This approach may seem primitive at first -- especially to those weaned in a computing environment that dictates that all writing must be set in a typeface from the moment of creation -- but the word-processing approach can be excessive compared to what Linux provides. You can, if you like, view or print plain text in a font, with a single command -- which is what ninety percent of people want to do with a word processor ninety percent of the time, anyway; to do this, see Converting Plain Text for Output.

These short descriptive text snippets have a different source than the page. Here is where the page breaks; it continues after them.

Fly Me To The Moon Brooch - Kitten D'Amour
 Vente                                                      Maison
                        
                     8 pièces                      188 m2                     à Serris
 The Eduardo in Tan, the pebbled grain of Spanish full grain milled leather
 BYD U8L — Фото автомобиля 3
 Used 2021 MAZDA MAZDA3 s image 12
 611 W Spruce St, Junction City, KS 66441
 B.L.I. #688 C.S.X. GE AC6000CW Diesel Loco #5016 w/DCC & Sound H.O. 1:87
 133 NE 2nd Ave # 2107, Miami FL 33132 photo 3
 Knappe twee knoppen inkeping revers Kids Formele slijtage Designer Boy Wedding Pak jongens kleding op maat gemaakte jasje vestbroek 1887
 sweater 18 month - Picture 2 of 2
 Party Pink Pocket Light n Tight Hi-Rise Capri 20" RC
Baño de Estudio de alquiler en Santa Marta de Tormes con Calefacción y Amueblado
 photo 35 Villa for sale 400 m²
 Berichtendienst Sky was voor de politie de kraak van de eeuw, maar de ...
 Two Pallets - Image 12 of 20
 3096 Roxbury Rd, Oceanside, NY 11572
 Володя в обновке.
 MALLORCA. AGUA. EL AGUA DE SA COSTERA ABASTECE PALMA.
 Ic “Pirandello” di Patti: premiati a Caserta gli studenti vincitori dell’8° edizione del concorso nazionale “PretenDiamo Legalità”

It's my opinion that word processing is not a forward-thinking direction for the handling of text, especially on Linux systems and especially now that text is not always destined for printed output: text can end up on a Web page, in an "eBook,"(25) in an email message, or possibly in print. The best common source for these formats is plain text. Word processing programs, and the special file formats they require, are anathema to the generalized, tools-based and plain-text philosophy of Unix and Linux (see Unix and the Tools Philosophy). "Word processing" itself may be an obsolete idea of the 1980s personal computing environment, and it may no longer be a necessity in the age of the Web and email -- mediums in which plain text content is more native than proprietary word processor formats.

If you do need to design a special layout for hardcopy, you can typeset the text. One could write a book on the subject of Linux typesetting; unfortunately, no such book has yet been written, but this chapter contains recipes for producing typeset text. They were selected as being the easiest to prepare or most effective for their purpose.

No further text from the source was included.